Focusing on the district court’s insistence that the consent decree contain “proven or acknowledged facts,” the Second Circuit held that it was an abuse of discretion to require, as the district court did here, that the SEC establish the “truth” of its allegations as a condition for approving a consent decree. The Court held that the lower court failed to give “significant deference” to the SEC by presenting the parties with a questionnaire and comparing the proposed accord unfavorably to settlements in other matters.
The Second Circuit also held that the district court applied the wrong standard of review by defining the “public interest” as “an overriding interest in knowing the truth.” It held that it is an abuse of discretion for a district court to find the public interest disserved “based on its disagreement with the S.E.C.’s decisions on discretionary matters of policy, such as deciding to settle without requiring an admission of liability.”
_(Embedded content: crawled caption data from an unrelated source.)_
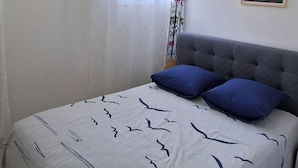 Ein Schlafzimmer mit Bett, einem Fenster mit Vorhängen, einem Bild an der Wand und einer Pendelleuchte.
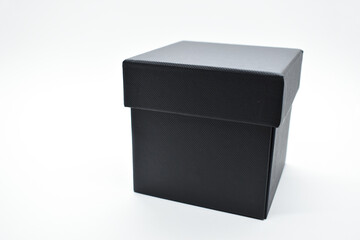 black paper box on white background, packaging industry
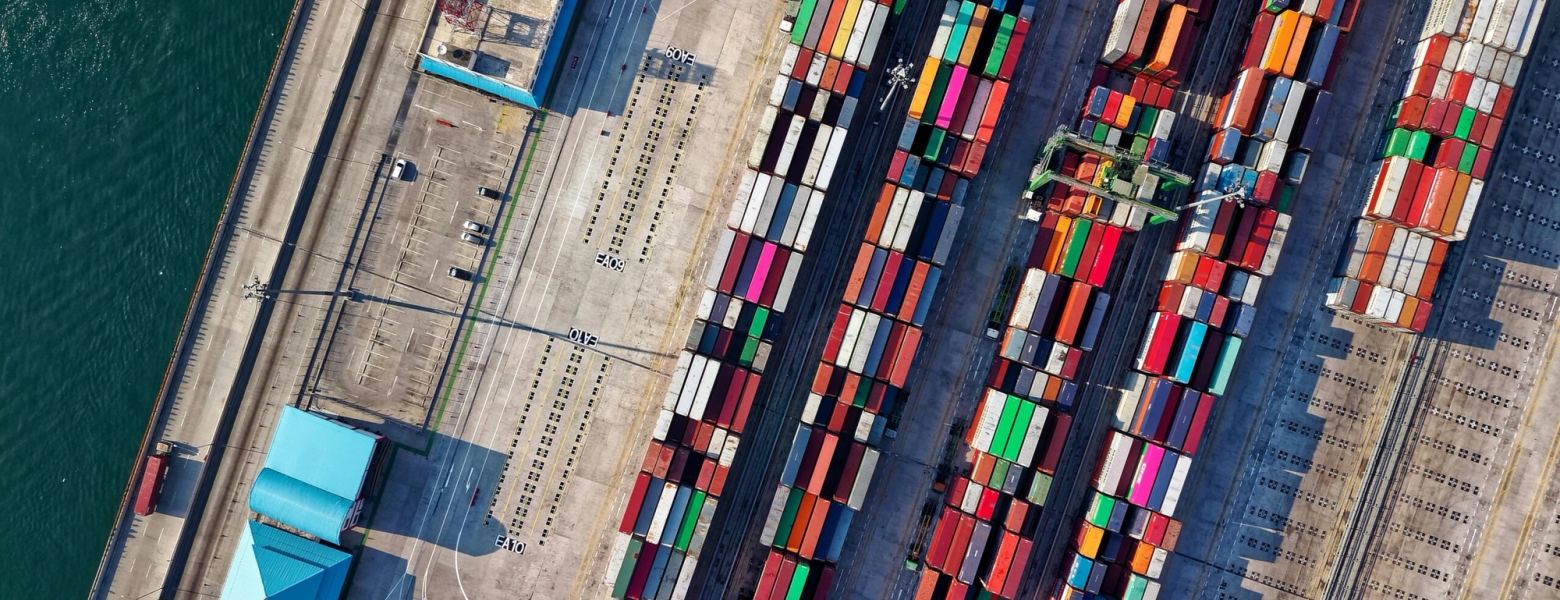 An aerial view of a container terminal with rows of stacked containers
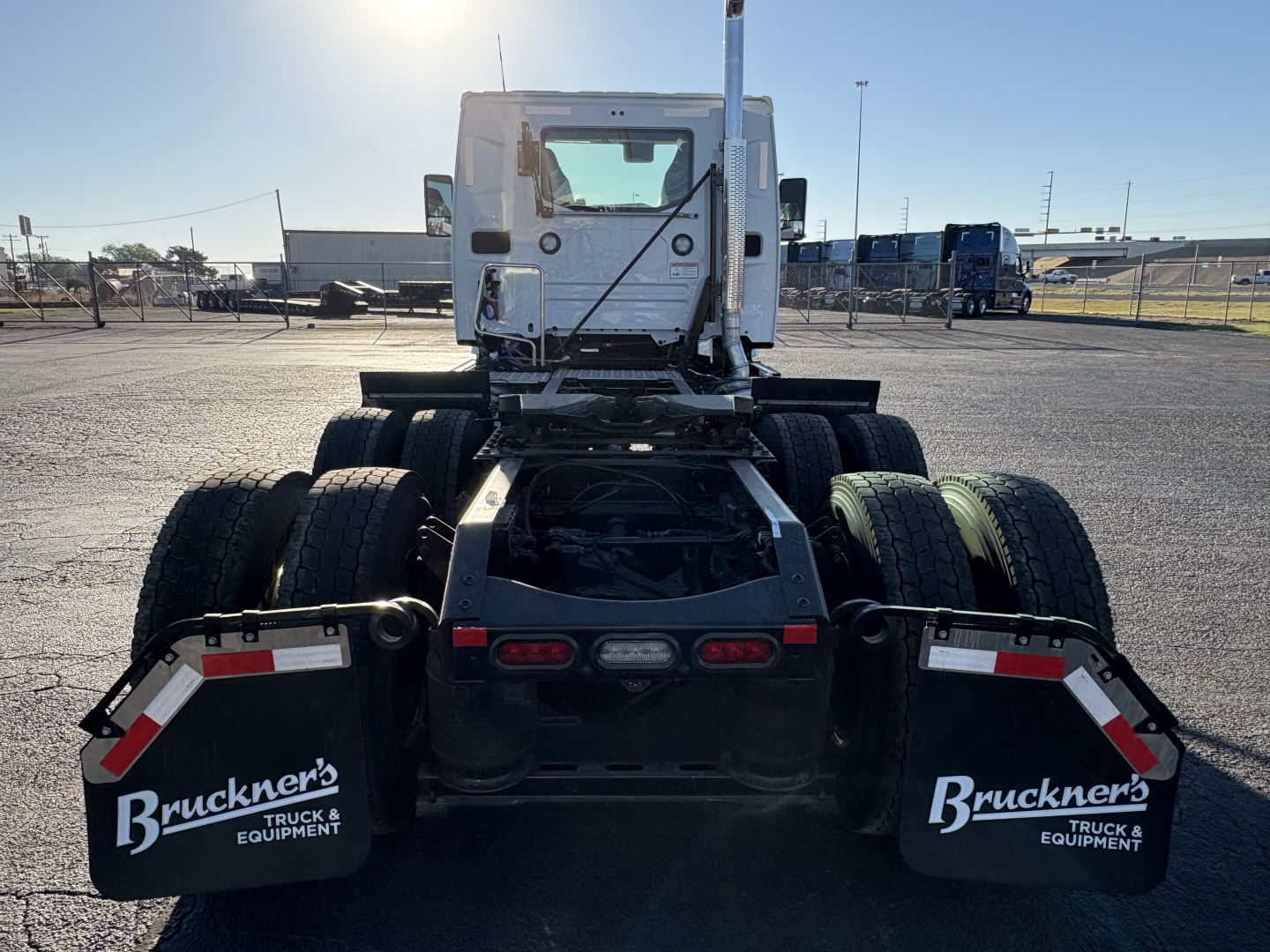 Mack AN64T conventional daycab rear view showing dual rear axles, mud flaps with Bruckner's Truck & Equipment branding, and chassis frame.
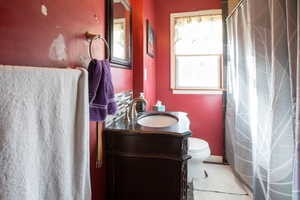 Bathroom with vanity, toilet, and a healthy amount of sunlight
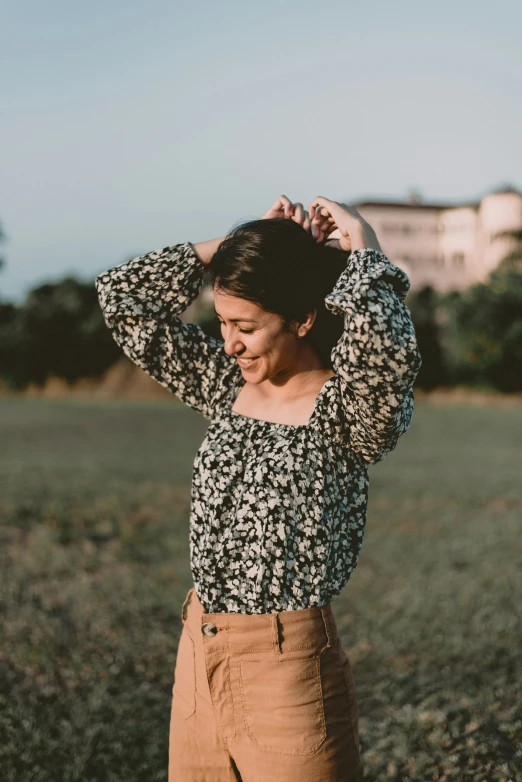 woman holding her hair in a field and smiling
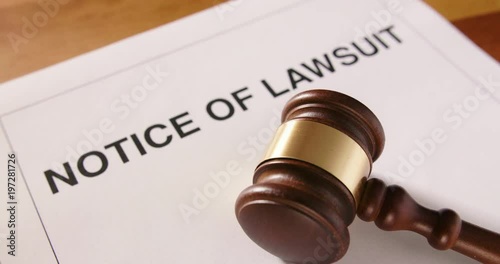 Dolly Shot Of Gavel Over Notice Of Lawsuit Text 4K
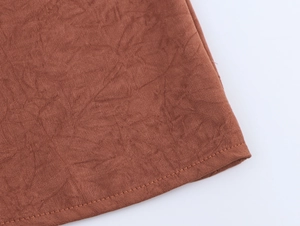 Close-up of brown halter top with pleated suede texture and premium stitched hem detail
A significant aspect of the Second Circuit’s decision is its clarification of the scope of deference district courts owe federal agencies seeking approval of consent decrees. The Court held that “the job of determining whether the proposed S.E.C. consent decree best serves the public interest, however, rests squarely with the S.E.C. and its decision merits significant deference.”
Before the Second Circuit’s decision in Citigroup, the SEC was forced to operate under the uncertainty of whether other district courts would follow Judge Rakoff’s approach and insist that its settlements contain admissions of wrongdoing or at least some sort of factual predicate for the settlement. In effect, the Second Circuit’s ruling vindicates the SEC’s use of “no-admit, no-deny” settlements, an integral part of its enforcement regime, and frees the SEC to settle cases through consent decrees without the burden of justifying its settlement. Without this burden, the SEC will be able to resolve cases more quickly and, therefore, more efficiently manage its enforcement docket.